═══ Excerpted records ═══
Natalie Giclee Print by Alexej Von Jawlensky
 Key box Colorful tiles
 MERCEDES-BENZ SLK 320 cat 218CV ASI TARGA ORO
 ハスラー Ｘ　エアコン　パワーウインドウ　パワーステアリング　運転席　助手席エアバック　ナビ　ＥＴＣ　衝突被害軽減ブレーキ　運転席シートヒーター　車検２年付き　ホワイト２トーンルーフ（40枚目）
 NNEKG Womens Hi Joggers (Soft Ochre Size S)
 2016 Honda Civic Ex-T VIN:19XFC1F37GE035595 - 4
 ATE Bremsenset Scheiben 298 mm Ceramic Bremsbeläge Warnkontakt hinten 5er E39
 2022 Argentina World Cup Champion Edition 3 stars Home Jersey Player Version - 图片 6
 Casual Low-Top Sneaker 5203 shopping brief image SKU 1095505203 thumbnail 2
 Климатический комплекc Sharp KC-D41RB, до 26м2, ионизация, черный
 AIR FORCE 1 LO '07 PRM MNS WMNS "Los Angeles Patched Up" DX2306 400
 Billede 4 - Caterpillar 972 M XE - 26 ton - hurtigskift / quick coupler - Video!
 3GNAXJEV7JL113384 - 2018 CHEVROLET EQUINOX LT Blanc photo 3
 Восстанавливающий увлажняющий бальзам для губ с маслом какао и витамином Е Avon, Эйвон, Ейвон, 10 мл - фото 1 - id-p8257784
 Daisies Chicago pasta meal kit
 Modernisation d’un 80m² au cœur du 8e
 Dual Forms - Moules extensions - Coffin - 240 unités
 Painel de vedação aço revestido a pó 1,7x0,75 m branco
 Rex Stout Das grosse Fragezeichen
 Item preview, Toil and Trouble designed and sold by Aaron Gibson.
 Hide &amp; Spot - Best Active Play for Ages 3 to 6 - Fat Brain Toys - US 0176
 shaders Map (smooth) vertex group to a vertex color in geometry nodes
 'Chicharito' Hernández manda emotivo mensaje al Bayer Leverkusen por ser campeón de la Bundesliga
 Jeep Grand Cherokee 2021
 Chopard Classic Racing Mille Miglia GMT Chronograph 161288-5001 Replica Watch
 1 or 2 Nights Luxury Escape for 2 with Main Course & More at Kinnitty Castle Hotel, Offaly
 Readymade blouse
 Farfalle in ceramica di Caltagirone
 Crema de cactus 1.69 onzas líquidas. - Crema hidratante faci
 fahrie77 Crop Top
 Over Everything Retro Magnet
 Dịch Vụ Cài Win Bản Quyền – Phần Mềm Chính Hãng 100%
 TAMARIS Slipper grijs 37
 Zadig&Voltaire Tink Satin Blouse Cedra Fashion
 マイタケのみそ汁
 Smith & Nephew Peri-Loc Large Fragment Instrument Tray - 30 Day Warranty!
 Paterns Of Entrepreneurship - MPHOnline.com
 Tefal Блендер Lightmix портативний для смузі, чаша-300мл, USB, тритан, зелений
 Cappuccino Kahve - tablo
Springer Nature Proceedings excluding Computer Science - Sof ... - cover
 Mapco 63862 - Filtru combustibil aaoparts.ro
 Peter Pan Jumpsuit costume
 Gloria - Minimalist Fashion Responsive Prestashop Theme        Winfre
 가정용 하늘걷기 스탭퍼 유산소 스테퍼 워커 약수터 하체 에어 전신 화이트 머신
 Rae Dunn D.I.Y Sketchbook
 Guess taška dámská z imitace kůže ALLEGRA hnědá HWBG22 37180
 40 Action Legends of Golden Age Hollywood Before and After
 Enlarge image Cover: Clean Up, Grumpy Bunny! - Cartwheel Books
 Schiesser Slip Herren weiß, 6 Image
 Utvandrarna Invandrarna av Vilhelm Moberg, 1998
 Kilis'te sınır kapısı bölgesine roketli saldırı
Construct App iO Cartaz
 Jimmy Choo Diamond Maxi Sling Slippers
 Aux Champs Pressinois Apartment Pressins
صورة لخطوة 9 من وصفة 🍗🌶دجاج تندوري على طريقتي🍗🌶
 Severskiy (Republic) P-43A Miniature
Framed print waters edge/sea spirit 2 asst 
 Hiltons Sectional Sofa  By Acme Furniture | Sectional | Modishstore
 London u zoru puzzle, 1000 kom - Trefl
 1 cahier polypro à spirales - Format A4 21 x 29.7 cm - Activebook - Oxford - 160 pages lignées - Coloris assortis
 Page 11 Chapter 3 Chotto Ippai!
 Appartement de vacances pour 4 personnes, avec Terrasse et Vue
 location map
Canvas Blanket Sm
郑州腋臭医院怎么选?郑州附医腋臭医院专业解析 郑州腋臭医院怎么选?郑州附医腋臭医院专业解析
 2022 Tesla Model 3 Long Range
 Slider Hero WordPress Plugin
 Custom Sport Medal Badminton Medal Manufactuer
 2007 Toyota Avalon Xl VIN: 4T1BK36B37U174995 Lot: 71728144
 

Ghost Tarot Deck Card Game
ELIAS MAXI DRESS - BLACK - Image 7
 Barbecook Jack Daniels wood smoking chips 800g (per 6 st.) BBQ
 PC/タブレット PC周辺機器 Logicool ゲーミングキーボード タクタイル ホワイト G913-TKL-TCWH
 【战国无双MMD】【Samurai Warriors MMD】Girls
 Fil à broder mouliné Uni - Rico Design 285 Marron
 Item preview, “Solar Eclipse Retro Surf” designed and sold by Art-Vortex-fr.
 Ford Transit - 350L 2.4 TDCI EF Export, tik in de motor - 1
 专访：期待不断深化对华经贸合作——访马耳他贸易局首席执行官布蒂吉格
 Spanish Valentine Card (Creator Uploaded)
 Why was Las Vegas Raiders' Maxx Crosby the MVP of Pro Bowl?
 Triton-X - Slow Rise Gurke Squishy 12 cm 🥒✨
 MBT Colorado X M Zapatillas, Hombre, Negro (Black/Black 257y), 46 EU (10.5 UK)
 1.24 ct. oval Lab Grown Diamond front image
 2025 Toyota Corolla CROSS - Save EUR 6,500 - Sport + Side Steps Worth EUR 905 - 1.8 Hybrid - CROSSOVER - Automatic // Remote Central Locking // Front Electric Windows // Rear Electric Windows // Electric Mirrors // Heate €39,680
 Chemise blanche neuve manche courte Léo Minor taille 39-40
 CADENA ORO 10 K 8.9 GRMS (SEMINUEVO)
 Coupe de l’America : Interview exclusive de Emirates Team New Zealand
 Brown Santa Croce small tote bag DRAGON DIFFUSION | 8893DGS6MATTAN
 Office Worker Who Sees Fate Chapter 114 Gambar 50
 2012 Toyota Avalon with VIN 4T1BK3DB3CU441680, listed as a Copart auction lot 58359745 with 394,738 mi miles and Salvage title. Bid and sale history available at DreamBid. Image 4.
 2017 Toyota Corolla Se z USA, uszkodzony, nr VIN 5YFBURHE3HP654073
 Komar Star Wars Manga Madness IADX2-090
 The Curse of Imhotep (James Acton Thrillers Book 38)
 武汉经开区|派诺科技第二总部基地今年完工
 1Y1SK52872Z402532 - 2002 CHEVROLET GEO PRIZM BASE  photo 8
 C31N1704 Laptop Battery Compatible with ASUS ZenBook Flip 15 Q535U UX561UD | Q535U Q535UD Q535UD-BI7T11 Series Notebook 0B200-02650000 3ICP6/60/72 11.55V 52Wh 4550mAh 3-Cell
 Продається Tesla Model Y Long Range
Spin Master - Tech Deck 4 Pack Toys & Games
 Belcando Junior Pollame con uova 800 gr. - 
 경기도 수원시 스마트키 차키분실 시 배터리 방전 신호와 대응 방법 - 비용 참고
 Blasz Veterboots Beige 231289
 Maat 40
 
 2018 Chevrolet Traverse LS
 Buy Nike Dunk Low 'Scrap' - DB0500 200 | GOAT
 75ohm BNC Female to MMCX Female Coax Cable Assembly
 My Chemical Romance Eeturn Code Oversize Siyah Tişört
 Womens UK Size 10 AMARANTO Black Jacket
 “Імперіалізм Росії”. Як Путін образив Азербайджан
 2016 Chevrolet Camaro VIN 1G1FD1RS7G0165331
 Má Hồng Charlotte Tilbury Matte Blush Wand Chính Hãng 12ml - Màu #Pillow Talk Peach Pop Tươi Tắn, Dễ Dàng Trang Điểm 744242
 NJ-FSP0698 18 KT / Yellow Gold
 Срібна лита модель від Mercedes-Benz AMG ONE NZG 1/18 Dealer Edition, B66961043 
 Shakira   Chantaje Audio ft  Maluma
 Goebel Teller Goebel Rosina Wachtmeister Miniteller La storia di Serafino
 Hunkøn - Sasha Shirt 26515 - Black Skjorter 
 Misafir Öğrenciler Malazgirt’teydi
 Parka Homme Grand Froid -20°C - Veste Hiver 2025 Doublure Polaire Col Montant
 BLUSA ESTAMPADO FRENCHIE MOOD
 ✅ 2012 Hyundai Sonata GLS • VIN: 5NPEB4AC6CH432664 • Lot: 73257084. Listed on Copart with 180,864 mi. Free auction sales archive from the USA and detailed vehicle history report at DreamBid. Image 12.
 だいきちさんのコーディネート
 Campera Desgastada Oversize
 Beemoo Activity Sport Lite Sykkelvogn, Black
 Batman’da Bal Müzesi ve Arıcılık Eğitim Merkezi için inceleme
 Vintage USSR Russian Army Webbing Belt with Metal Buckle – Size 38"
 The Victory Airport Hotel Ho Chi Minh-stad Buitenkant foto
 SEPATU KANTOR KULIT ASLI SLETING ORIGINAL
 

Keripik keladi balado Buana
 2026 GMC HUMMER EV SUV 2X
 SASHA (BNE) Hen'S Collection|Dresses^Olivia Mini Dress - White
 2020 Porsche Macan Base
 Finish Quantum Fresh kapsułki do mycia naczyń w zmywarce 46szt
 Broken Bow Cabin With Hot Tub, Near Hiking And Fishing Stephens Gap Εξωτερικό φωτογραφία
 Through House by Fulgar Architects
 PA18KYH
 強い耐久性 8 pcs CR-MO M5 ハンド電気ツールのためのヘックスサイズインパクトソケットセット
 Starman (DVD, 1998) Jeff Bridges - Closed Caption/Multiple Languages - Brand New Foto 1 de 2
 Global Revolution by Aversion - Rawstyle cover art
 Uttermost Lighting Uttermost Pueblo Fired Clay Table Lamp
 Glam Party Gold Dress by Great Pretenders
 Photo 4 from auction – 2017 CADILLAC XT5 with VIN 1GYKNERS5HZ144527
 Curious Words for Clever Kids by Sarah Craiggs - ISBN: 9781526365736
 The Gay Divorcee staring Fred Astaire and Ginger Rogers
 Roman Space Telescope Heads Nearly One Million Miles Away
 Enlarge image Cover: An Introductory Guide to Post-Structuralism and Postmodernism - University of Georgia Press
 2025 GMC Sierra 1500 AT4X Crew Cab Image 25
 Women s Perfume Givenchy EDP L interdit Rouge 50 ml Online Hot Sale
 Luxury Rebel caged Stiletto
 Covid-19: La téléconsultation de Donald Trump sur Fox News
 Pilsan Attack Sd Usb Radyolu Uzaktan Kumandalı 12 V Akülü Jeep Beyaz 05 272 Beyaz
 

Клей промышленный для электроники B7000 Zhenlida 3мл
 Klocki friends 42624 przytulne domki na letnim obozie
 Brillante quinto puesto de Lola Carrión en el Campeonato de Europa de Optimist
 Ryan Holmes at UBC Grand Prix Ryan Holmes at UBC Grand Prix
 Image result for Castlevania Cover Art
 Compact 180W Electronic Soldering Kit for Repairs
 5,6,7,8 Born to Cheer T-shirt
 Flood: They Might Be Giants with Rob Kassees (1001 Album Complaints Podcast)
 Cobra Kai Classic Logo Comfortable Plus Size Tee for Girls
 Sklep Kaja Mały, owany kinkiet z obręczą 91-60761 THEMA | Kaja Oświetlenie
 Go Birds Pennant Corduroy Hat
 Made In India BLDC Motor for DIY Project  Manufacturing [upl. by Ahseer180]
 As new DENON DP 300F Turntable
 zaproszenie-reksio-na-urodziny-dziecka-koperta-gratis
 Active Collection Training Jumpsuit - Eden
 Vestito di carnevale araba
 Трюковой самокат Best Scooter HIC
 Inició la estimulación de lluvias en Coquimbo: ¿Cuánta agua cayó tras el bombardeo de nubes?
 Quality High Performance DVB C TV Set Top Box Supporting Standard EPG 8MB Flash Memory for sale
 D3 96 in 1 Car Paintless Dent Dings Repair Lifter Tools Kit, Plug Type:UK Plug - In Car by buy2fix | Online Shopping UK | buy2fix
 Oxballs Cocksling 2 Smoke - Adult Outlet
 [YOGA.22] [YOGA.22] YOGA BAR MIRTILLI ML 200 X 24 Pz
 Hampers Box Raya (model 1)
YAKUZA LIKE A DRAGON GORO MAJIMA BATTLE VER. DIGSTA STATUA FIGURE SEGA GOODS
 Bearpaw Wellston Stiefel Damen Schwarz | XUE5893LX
═══
- [The problem]
Taking the records above, retype every line from the one with "Modernisation d’un 80m² au cœur du 8e" down to the one with "Gloria - Minimalist", exactly and with nothing else.

- [Answer space]
 Modernisation d’un 80m² au cœur du 8e
 Dual Forms - Moules extensions - Coffin - 240 unités
 Painel de vedação aço revestido a pó 1,7x0,75 m branco
 Rex Stout Das grosse Fragezeichen
 Item preview, Toil and Trouble designed and sold by Aaron Gibson.
 Hide &amp; Spot - Best Active Play for Ages 3 to 6 - Fat Brain Toys - US 0176
 shaders Map (smooth) vertex group to a vertex color in geometry nodes
 'Chicharito' Hernández manda emotivo mensaje al Bayer Leverkusen por ser campeón de la Bundesliga
 Jeep Grand Cherokee 2021
 Chopard Classic Racing Mille Miglia GMT Chronograph 161288-5001 Replica Watch
 1 or 2 Nights Luxury Escape for 2 with Main Course & More at Kinnitty Castle Hotel, Offaly
 Readymade blouse
 Farfalle in ceramica di Caltagirone
 Crema de cactus 1.69 onzas líquidas. - Crema hidratante faci
 fahrie77 Crop Top
 Over Everything Retro Magnet
 Dịch Vụ Cài Win Bản Quyền – Phần Mềm Chính Hãng 100%
 TAMARIS Slipper grijs 37
 Zadig&Voltaire Tink Satin Blouse Cedra Fashion
 マイタケのみそ汁
 Smith & Nephew Peri-Loc Large Fragment Instrument Tray - 30 Day Warranty!
 Paterns Of Entrepreneurship - MPHOnline.com
 Tefal Блендер Lightmix портативний для смузі, чаша-300мл, USB, тритан, зелений
 Cappuccino Kahve - tablo
Springer Nature Proceedings excluding Computer Science - Sof ... - cover
 Mapco 63862 - Filtru combustibil aaoparts.ro
 Peter Pan Jumpsuit costume
 Gloria - Minimalist Fashion Responsive Prestashop Theme        Winfre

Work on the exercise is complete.